En un remoto lugar del Japón vivía un picapedrero llamado Isogai. No ganaba mucho dinero, sólo lo suficiente para vivir y para mantener a su familia. Un día, al volver del trabajo muy cansado, se quedó profundamente dormido y comenzó a soñar. Se imaginó en la cantera, picando un gran bloque de piedra, mientras por el camino cercano pasaba el emperador montado en una carroza toda de oro. Y deseó ser el emperador. Y así fue: en un instante se vio subido a la carroza y vestido con vestiduras de oro. Pero pronto las cosas cambiaron: hacía un sol abrumador, no corría nada de aire y comenzó a ahogarse por el calor y el sudor.
Entonces, mirando al sol y su potencia, deseó ser el sol. Y así fue: de repente se vio en lo alto del cielo iluminando toda la tierra con su luz.
O, al menos así creía, pues pronto vio como un cúmulo de nubes le impedía difundir su luz; y se vio impotente ante ellas.
Intentó esquivarlas por uno y otro lado, pero no consiguió nada. Entonces, no contento con esto, deseó ser una nube.
Y así fue: comenzó a moverse por el aire con la satisfacción de ser capaz de tapar al sol y oscurecerlo. Y vio que también tenía fuerza con el agua que albergaba para empapar la tierra. Y se sintió orgulloso de su potencia.
Pero después, mirando hacia abajo, vio un río que con la fuerza de su caudal arrasaba las tierras e iba a desembocar al mar.

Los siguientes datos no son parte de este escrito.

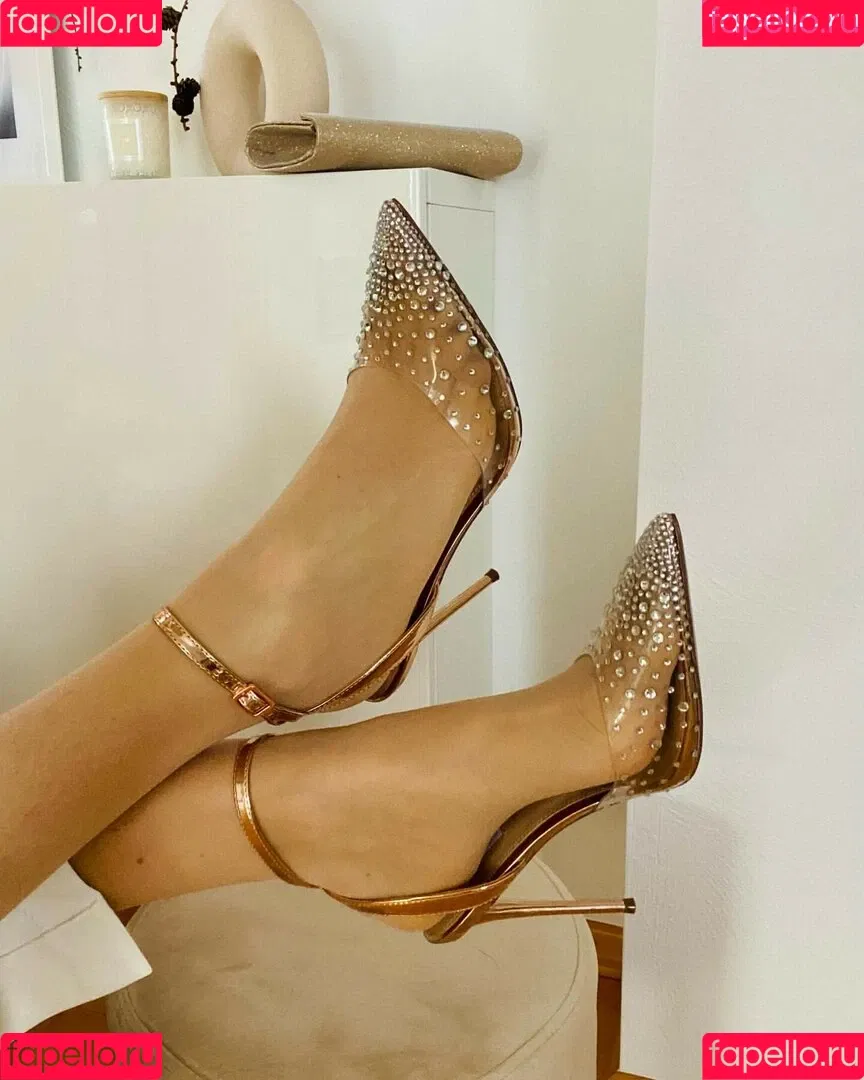 mom74fashion Onlyfans Photo Gallery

Entonces, envidiando su potencia, deseó ser un río desbordado. Y así fue: en un instante se convirtió en una fortísima corriente de agua que lo arrastraba todo. Y volvió a sentirse satisfecho de sí mismo. Pero de repente se encontró en una orilla una enorme roca, que el agua no conseguía mover ni un milímetro. Y, a pesar de toda la fuerza con que la embistió una y otra vez, la roca no se movió.
Estando en éstas, bastante desanimado, vio como se acercaba un hombrecito, que con un pequeño pico fue minando la roca hasta conseguir romperla en varios trozos. Entonces Isogai se despertó. Al día siguiente volvió a su trabajo en la cantera, alegre por su poder y su fuerza.